President Donald Trump signed on March 27 a third stimulus package passed by Congress to help stabilize the economy and provide relief during the COVID-19 pandemic. The Coronavirus Aid, Relief, and Economic Security (CARES) Act (HR 748) provides more than $2 trillion in relief in the form of direct payments to individuals and families, short-term additional lending opportunities and tax relief for small businesses to help them continue operations and retain employees, temporary additional unemployment benefits as well as temporary relief to student loan borrowers. The following is a summary of the most relevant provisions to the OMS specialty:

Small Business Loan Expansion

Sec. 1102 Paycheck Protection Program

A temporary new Paycheck Protection Program is established to let small businesses, nonprofits and individuals seek loans through the Small Business Administration’s 7(a) loan program to be used for salaries, paid sick and medical leave, mortgage or rent payments. Temporarily expands the 7(a) borrowing limit to $10 million from $5 million.

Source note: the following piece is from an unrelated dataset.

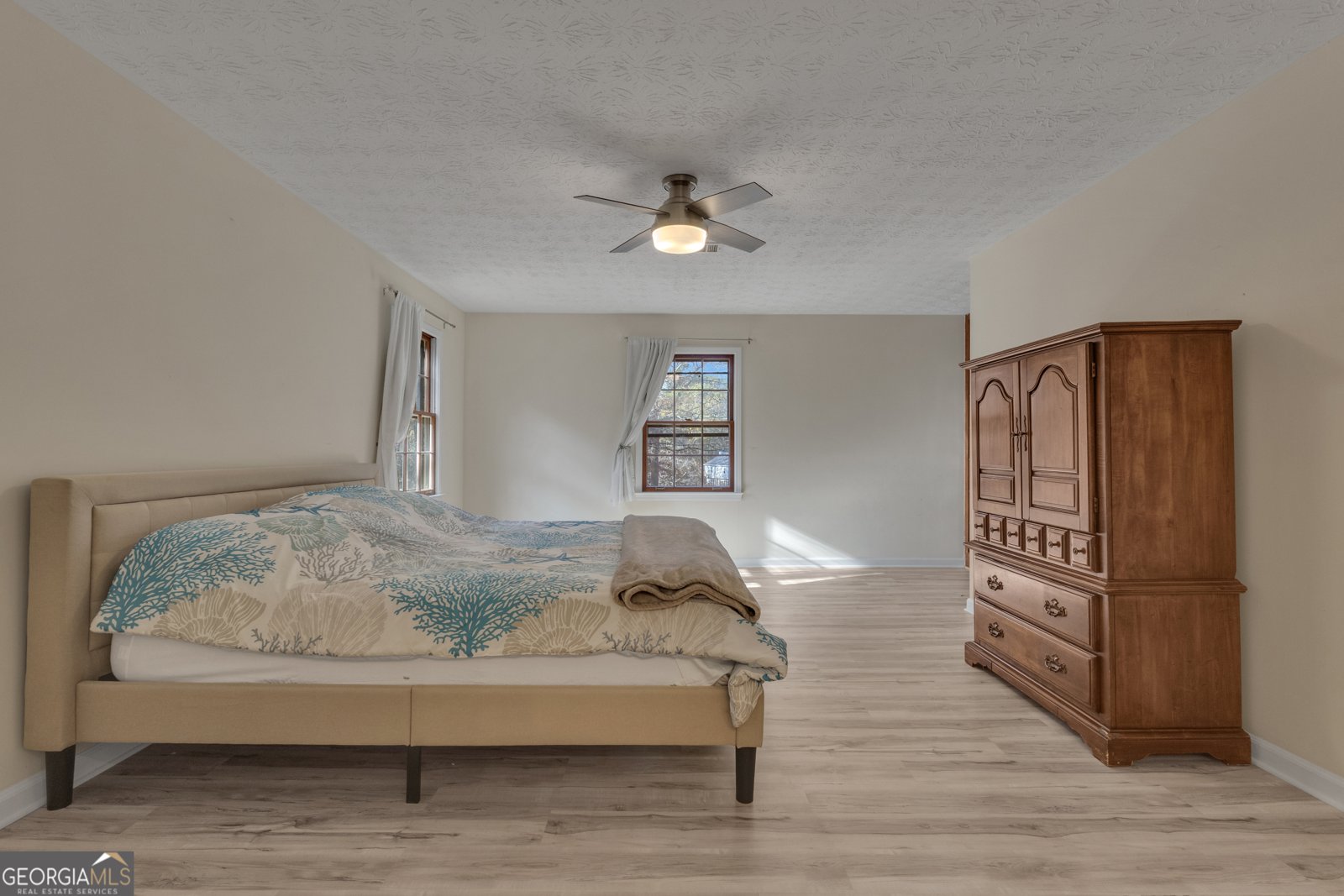 100 Tuliptree Terrace Peachtree City - Photo 20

Eligibility for loans is defined as a small business, 501(c)(3) nonprofit, a 501(c)(19) veteran’s organization or Tribal business concern described in section 31(b)(2)(C) of the Small Business Act with not more than 500 employees or the applicable size standard for the industry as provided by the Small Business Administration (SBA), if higher as well as sole proprietors, independent contractors and other self-employed individuals.

The covered loan period is defined as Feb. 15 to June 30, 2020.

Delegated authority is provided for 7(a) lenders to make determinations on borrower eligibility and creditworthiness and allows these lenders to issue covered loans if they determine a business was operational on Feb. 15, 2020, and had employees for whom it paid salaries and payroll taxes or a paid independent contractor.

The SBA would have to assume that eligible loan applicants in operation as of Feb. 15, 2020, were adversely affected by COVID-19 and require lenders to let them defer payments for at least six months and as long as one year.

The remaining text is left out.